The plot of Lords of Chaos, the most recent work by Swedish director Jonas Åkerlund (responsible for the underrated Spun), begins with a group of teenagers from Oslo, Norway, led by guitarist and narrator of the film Euronymous (Roy Culkin), with an interest in playing true black metal. Soon, though, we begin to witness that the infamous fame of Mayhem went far beyond the music in question.
That a Swedish young man with self-destructive tendencies (Dead, played by Jack Kilmer) responds to the band’s search for a new vocalist by sending them an envelope with a cassette accompanied by a real crucified mouse, will become just a small indication that these Scandinavian boys were more than ready to take their determination on not being posers and developing the true Norwegian black metal to a whole different level.
It’s precisely the first public performance with Dead as a singer, when Mayhem began to influence the rest of the community, including a fan of Scorpions, a band too soft for their standards, from another Norwegian city (Emory Cohen as Varg), giving them a complete package of music and show — i.e. Dead brutally cutting his arms — hard to forget. Likewise, the eventual suicide of Dead serves as a point of no return, when upon discovering the corpse, Euronymous decides not to immediately call the authorities, instead taking a photo and, consequently, building a sick mythology around the black metal of his country.
Based on the journalistic book Lords of Chaos: The Bloody Rise of the Satanic Metal Underground, but also on a lot of “lies” as we read at the beginning, Åkerlund’s film has morbid themes, animal cruelty, church burning, misogyny, and certainly brutal sequences of murders. However, equivalent to what Danny Boyle’s Trainspotting did with its young Scottish junkies, or Martin Scorsese’s Goodfellas with its Italian-American criminals, Lords of Chaos has an incredibly agile rhythm, a protagonist/narrator who’s inevitably charismatic (Euronymous), and a humor both wonderful and dark.
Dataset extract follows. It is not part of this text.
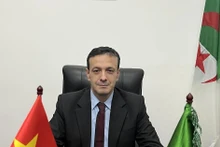 Redha Oucher, chargé d’affaires par intérim de l’ambassade d’Algérie au Vietnam. Photo : ambassade d’Algérie au Vietnam.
This is, in the end, the coming-of-age story, or rather coming-of-death, of a group of privileged boys (i.e. at one point Euronymous establishes a record store and a label with the help of his family) that, in a whirlwind of madness but also of the classic ego clash and contradictions typical of immaturity, such as in a key scene, in which the first adult confronting Varg, a journalist, fails to understand that he brags of being a satanist, a pagan and at the same time a Nazi! They made reality a terrifying legend to accompany their musical work.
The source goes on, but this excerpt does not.